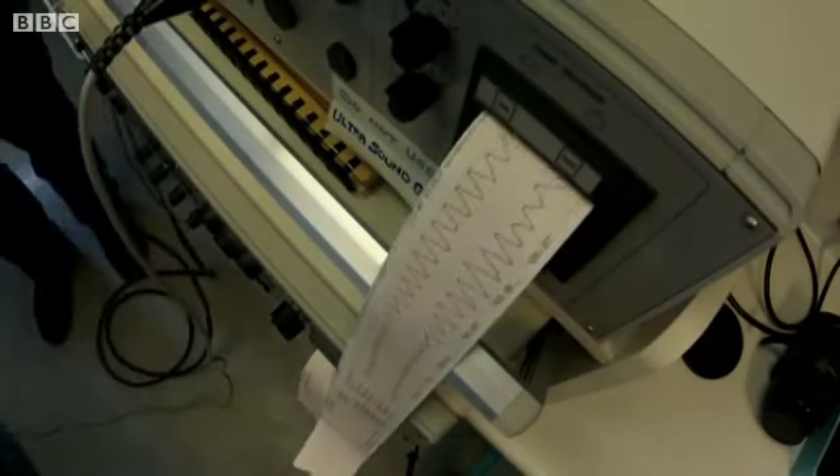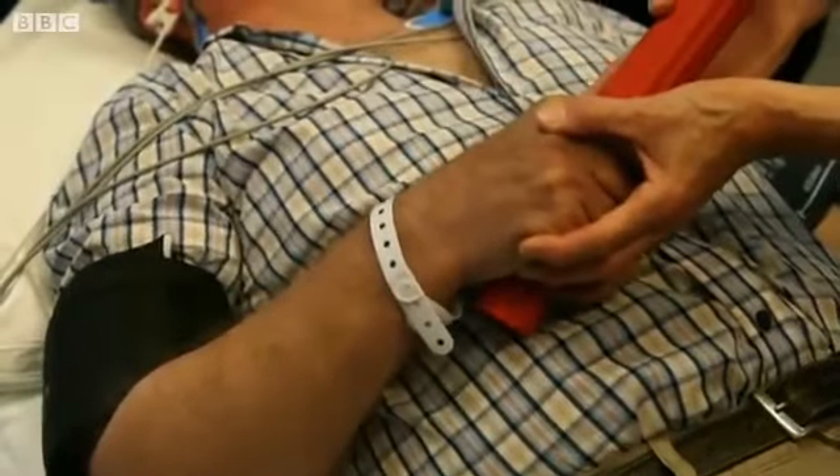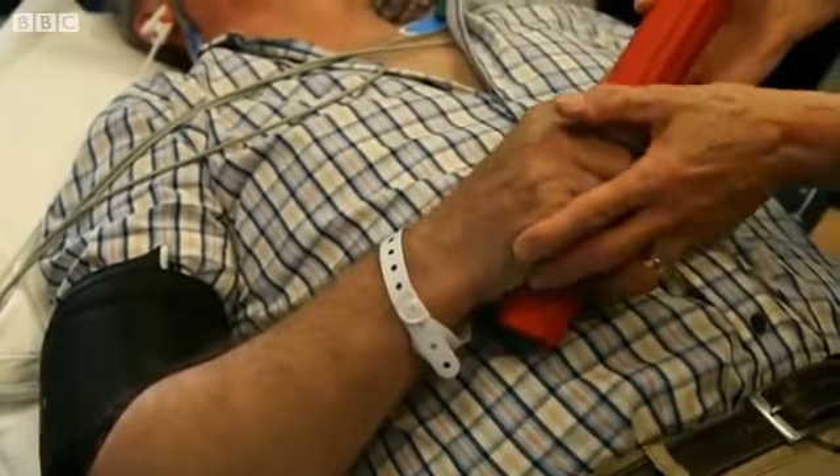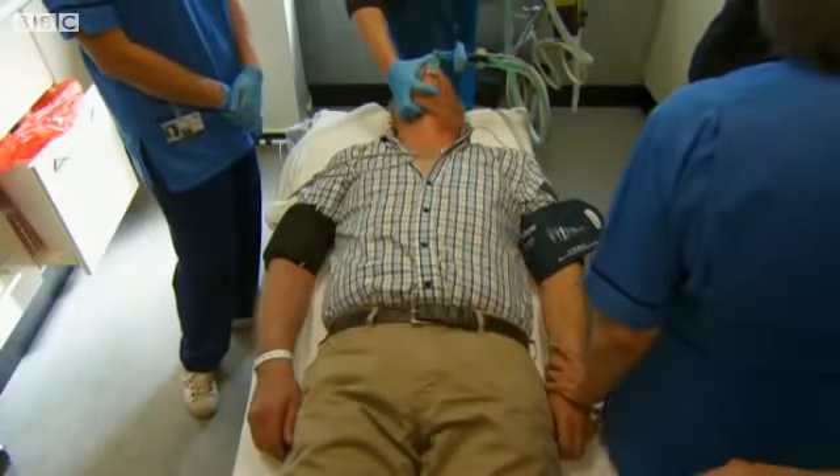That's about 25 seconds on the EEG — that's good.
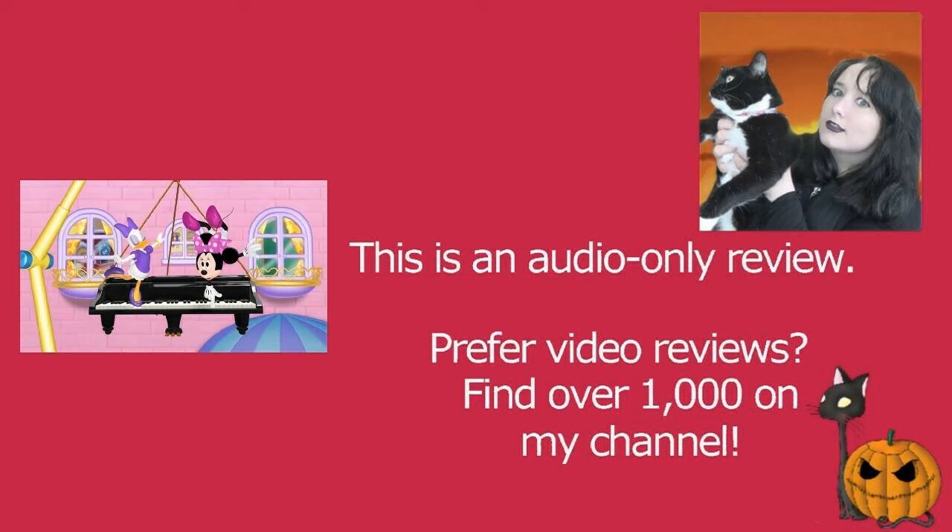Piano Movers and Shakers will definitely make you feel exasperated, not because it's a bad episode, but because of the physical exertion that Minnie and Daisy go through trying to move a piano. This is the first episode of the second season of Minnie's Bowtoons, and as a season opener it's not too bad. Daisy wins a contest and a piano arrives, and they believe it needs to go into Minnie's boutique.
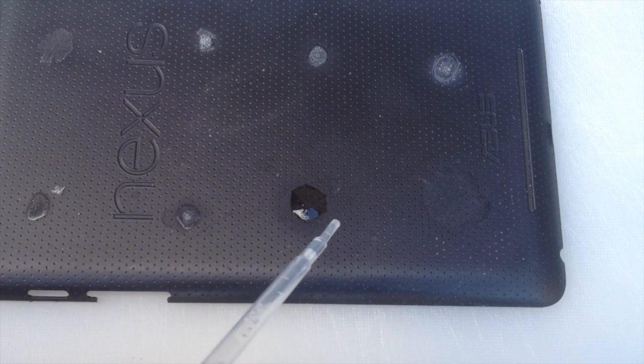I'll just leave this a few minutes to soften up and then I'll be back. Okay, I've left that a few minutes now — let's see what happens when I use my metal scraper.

==

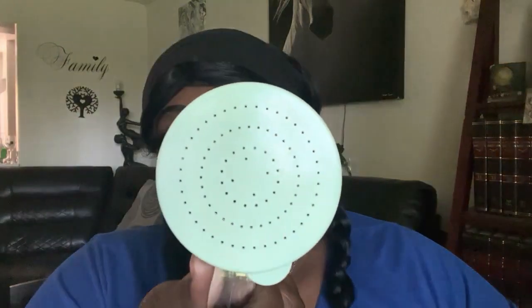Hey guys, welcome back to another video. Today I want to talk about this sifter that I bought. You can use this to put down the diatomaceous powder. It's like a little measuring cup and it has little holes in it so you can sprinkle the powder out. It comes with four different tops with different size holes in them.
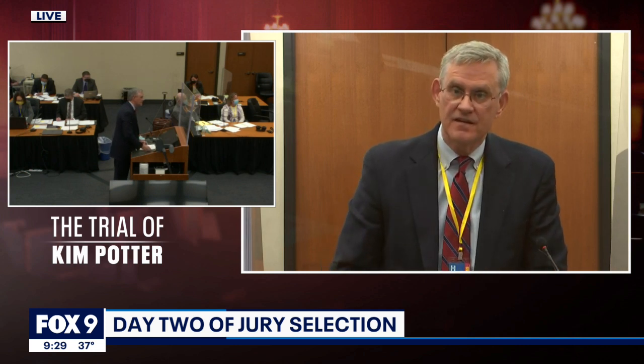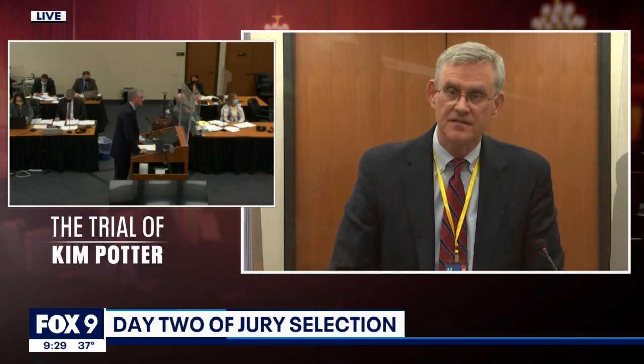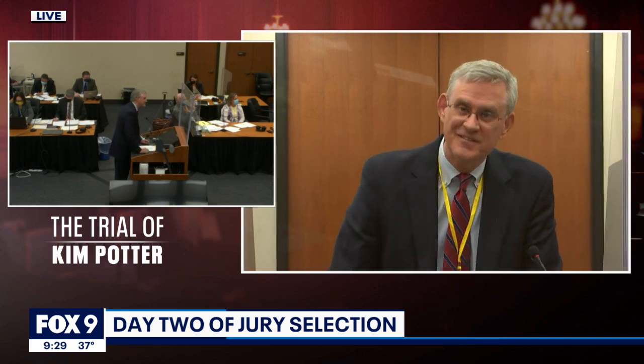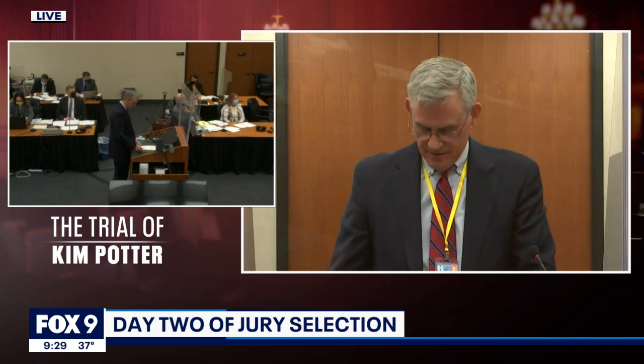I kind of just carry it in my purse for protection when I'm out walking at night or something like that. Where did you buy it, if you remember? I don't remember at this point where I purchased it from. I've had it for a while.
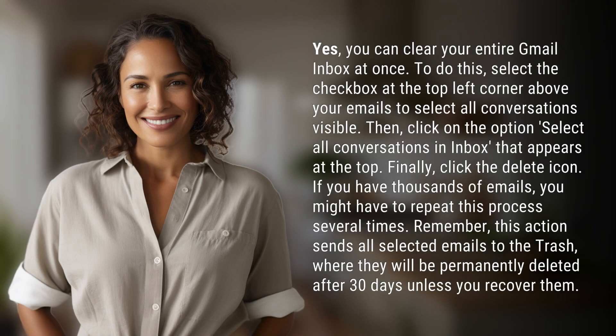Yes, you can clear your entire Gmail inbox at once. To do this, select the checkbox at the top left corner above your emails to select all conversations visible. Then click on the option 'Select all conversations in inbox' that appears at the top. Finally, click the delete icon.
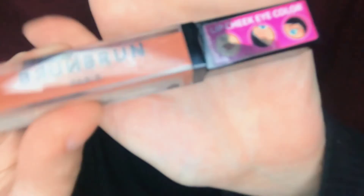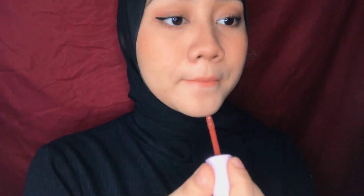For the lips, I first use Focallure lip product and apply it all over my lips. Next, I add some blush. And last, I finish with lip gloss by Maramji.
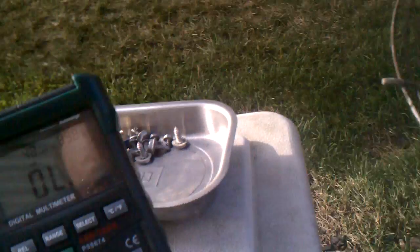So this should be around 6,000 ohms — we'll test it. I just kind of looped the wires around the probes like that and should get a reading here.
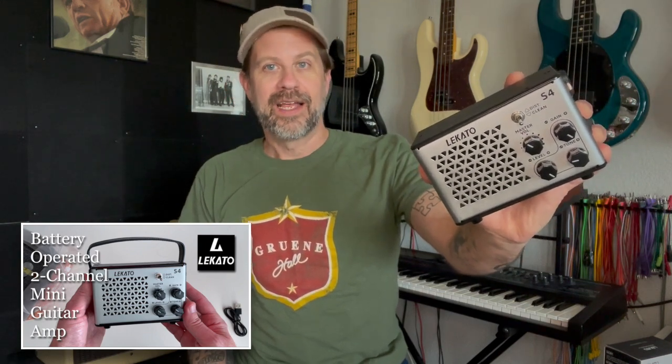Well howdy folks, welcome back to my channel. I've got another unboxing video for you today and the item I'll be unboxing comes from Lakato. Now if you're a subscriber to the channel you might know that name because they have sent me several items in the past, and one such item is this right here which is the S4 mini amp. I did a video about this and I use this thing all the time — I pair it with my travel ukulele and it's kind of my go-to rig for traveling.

Problem requirements »
While skipping the pictures, transcribe the data above from the line showing "I kind of just" through the line showing "Well howdy folks, welcome", exactly and with both ends.

Response box »
I kind of just carry it in my purse for protection when I'm out walking at night or something like that. Where did you buy it, if you remember? I don't remember at this point where I purchased it from. I've had it for a while.
Yes, you can clear your entire Gmail inbox at once. To do this, select the checkbox at the top left corner above your emails to select all conversations visible. Then click on the option 'Select all conversations in inbox' that appears at the top. Finally, click the delete icon.
For the lips, I first use Focallure lip product and apply it all over my lips. Next, I add some blush. And last, I finish with lip gloss by Maramji.
So this should be around 6,000 ohms — we'll test it. I just kind of looped the wires around the probes like that and should get a reading here.
Well howdy folks, welcome back to my channel. I've got another unboxing video for you today and the item I'll be unboxing comes from Lakato. Now if you're a subscriber to the channel you might know that name because they have sent me several items in the past, and one such item is this right here which is the S4 mini amp. I did a video about this and I use this thing all the time — I pair it with my travel ukulele and it's kind of my go-to rig for traveling.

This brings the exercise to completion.